Problem description: Please, without any pictures, transcribe the lines from the one holding "当日最新消息 上海核酸检测8月1日后自费检测吗 怎么样收费的" to the end of the listing, both ends included.

(Records supplied)

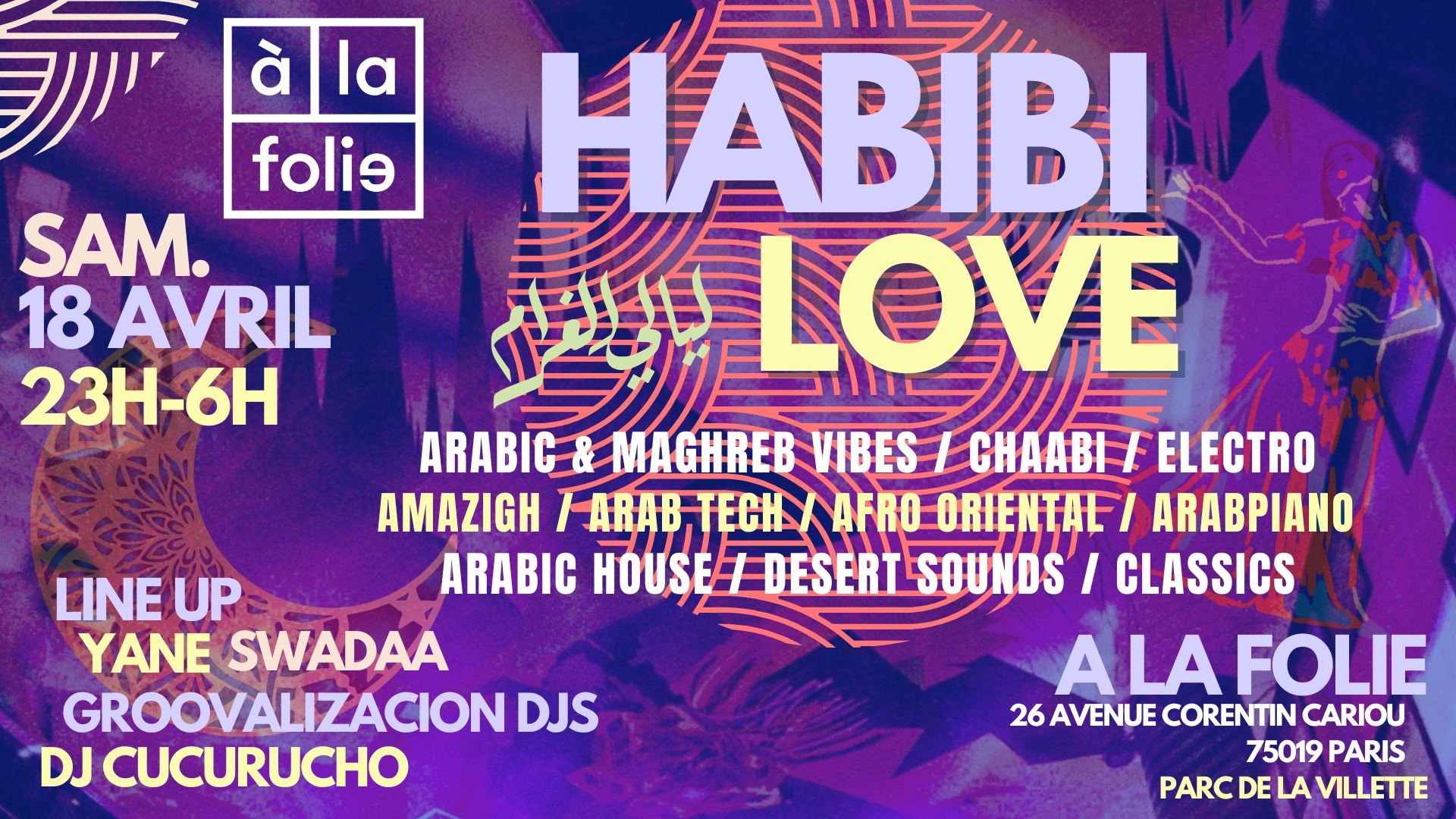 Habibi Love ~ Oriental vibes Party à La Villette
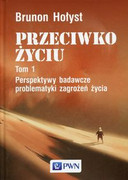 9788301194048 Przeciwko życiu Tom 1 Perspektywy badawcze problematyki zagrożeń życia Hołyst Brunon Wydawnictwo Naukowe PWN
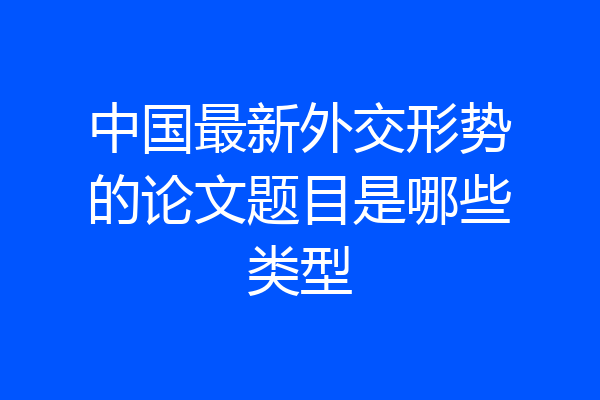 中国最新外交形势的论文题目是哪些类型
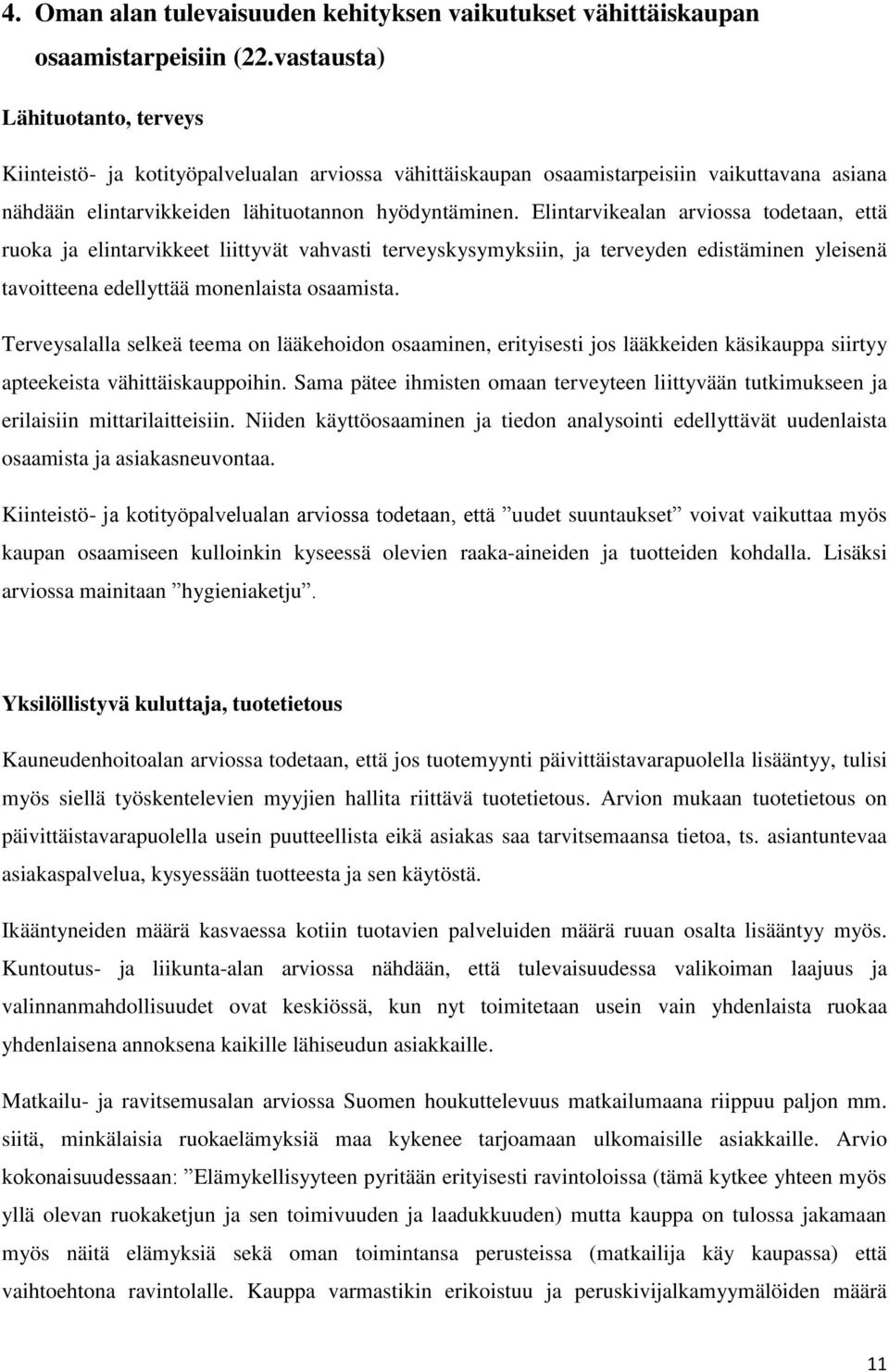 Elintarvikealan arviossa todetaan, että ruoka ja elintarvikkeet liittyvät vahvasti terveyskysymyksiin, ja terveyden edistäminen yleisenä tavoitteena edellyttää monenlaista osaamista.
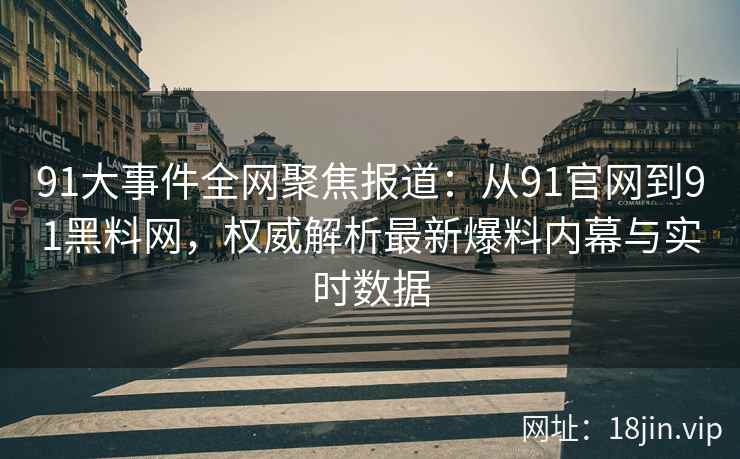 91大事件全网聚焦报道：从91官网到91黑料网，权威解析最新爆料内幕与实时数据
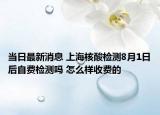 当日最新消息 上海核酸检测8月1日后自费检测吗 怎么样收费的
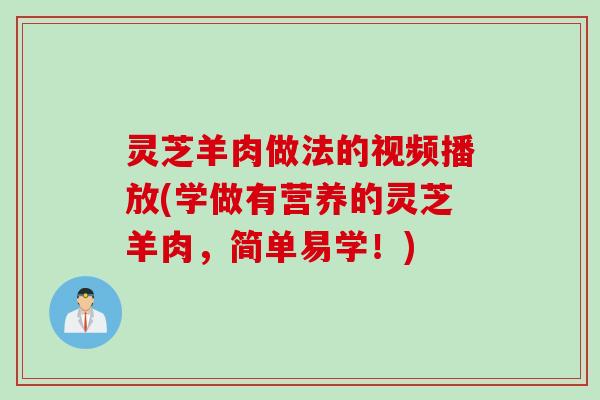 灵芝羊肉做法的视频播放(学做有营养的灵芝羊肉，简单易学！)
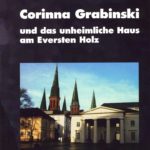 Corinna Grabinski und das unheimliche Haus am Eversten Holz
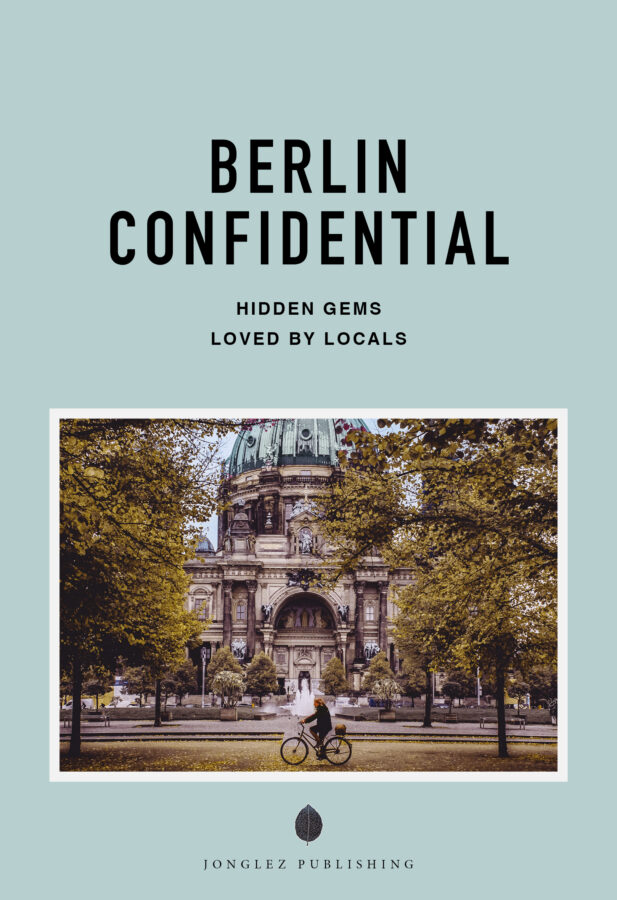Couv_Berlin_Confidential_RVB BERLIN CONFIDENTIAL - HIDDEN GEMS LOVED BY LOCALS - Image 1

(End Records supplied)

Solved exercise:
 当日最新消息 上海核酸检测8月1日后自费检测吗 怎么样收费的
 灵芝羊肉做法的视频播放(学做有营养的灵芝羊肉，简单易学！)
 Corinna Grabinski und das unheimliche Haus am Eversten Holz
Couv_Berlin_Confidential_RVB BERLIN CONFIDENTIAL - HIDDEN GEMS LOVED BY LOCALS - Image 1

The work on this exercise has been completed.